At least 3088 daily low temperature records (record low minimum or maximum) were tied or broken from February 12 to 17 at stations in the CONUS with at least 75 year long periods of record. A total of 76 all-time cold temperature records (again low minimum or maximum) were tied or broken at stations with at least 75 year long periods of record on February 15 or 16 from Nebraska to Texas. This cold outbreak is thought to be the most extreme for the southern Great Plains since February 12, 1899. There were far fewer stations reporting in 1899 when Oklahoma City hit -17F and Dallas hit -8F, but both locations set or tied second coldest temperatures on February 16, 2021 (-14F OKC, -2F Dallas). South-central and southeast Texas saw their coldest temperatures on February 15 or 16 since a particularly cold outbreak in December 1989 including Austin, San Antonio, Corpus Christi, Houston, College Station, Beaumont, and Lufkin. The length of cold was also extreme with Oklahoma City setting their longest stretch of temperatures below 20 degrees (6 days) while the 10 such days in Wichita are second only to 11 days in February 1899. Dallas recorded 139 consecutive hours below freezing from February 13 to 19.

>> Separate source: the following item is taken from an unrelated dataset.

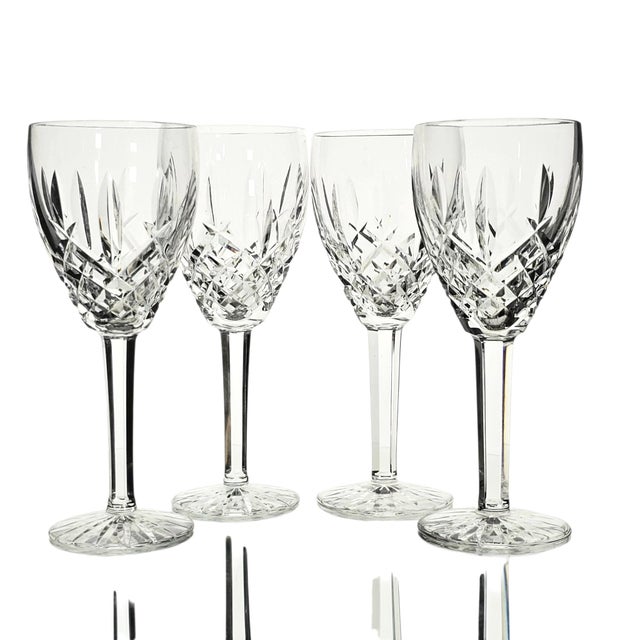Waterford Late 20th Century Waterford Crystal Araglin Wine Glasses, Set of 4 For Sale - Image 4 of 14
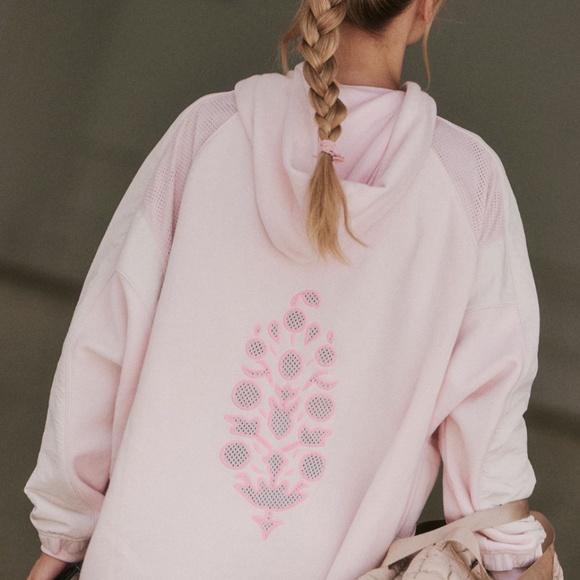 Free People Movement Pink Racing Stripe Hoodie - NWT - Picture 2 of 5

The heavy snow and ice followed by near record cold led to extensive strain on the electrical grid of the southern Great Plains and forced many power plants offline and resulted in rolling power outages across the central and southern Great Plains to the western Gulf Coast. Texas was particularly impacted with cascading effects beginning with the heavy snow over west Texas on February 14 that resulted in over 100,000 customers without power by that evening and the south Texas snow and ice raising the number without power early on February 15 to over 1 million customers. The subsequent cold (with much of Texas below 10F the morning of the 15th) caused over 4 million customers to be without power from later February 15 into February 17. This caused cascading effects including widespread municipal water failures and the lack of power is the main driver of the estimated economic impact exceeding $10 billion. At least 58 people over eight states (including 32 in Texas) are reported to have died as a result of this winter storm and its prolonged after effects. This storm and cold outbreak disrupted COVID-19 vaccine deployment and administration with over 200,000 vaccine appointments cancelled in north Texas alone the week of February 15.